- Born: Andrew Ddungu Kambugu February 22, 1973 (age 53) Uganda
- Education: Makerere University (Bachelor of Medicine and Surgery), (Master of Medicine), Royal College of Physicians (Post Doctoral Fellowship)
- Occupations: Physician, researcher, and academic
- Years active: 1998–present
- Title: The Sande-McKinnell Executive Director at Infectious Disease Institute
- Spouse: Joyce Balagadde-Kambugu

= Andrew Kambugu =

Ugandan physician (born 1973)

Andrew Ddungu Kambugu is a Ugandan physician who serves as the Sande-McKinnell Executive Director at the Infectious Disease Institute in Uganda and an honorary senior lecturer at Makerere University College of Health Sciences. He is also an adjunct associate professor at the University of Minnesota. In July 2020, he was appointed to the United Nations 2021 Food System Scientific Group.

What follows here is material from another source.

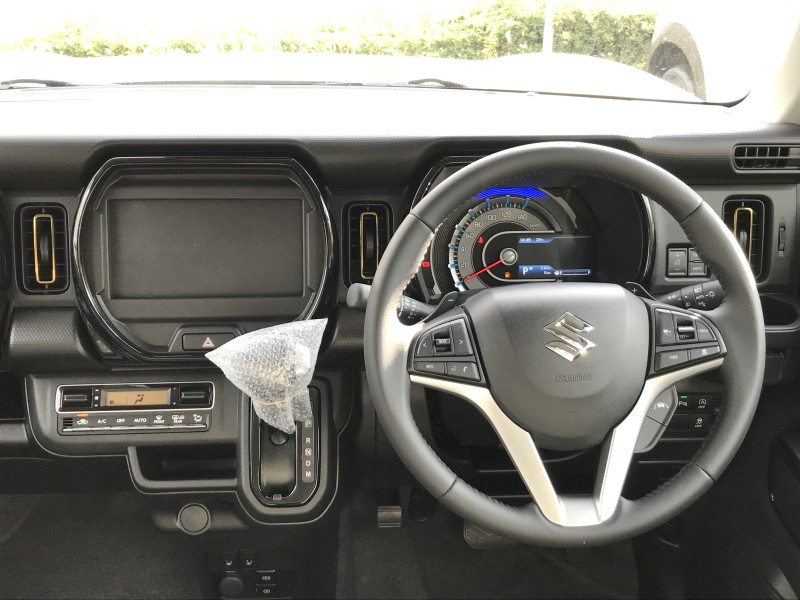 スズキ ハスラー 14枚目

==Early life and education==
Kambugu was born on 22 February 1973 in Kampala, Uganda. He attended Buganda Road Primary School and went on to King's College Budo for both his O and A levels. He studied medicine at Makerere University between 1992 and 2002, graduating with a master's degree in medicine. He then completed a fellowship in infectious diseases at the University of Utah and the University of Manitoba from 2002 to 2005, as well as a fellowship at the Royal College of Physicians in 2014.

==Career==
Kambugu trained at Mulago National Hospital and Makerere University Medical School in Kampala. He also served as a Medical Officer of Uganda Telecom from 1998 to 1999. He served as the Head of Preventative Care and Treatment Programme at the Infectious Disease Institute (IDI) from 2005 to 2012. At the IDI, he became Head of Research Programme in 2012 and the Sande-McKinnell Executive Director in 2018, continuing to serve in both roles as of 2026. Academically, Kambugu is an honorary senior lecturer in the Department of Medicine at Makerere University College of Health Sciences, as well as an adjuct associate professor for infectious diseases at the University of Minnesota. Kambugu serves as a consultant to the World Health Organization on antiretroviral therapy since 2010.

==Research==
As of 2026, Kambugu has an h-index of 55 and has been cited more than ten thousand times. He is a member of the council of the African Centers of Excellence in Bioinformatics and Data Intensive Sciences. His most influential work includes studies on managing treatment of antiretroviral therapy with cryptococcal meningitis, studies of antiretroviral medications for HIV, work on patient retention in HIV care, and complications of HIV infection.

==Personal life==
Kambugu is married to Joyce Balagadde-Kambugu and they have two children.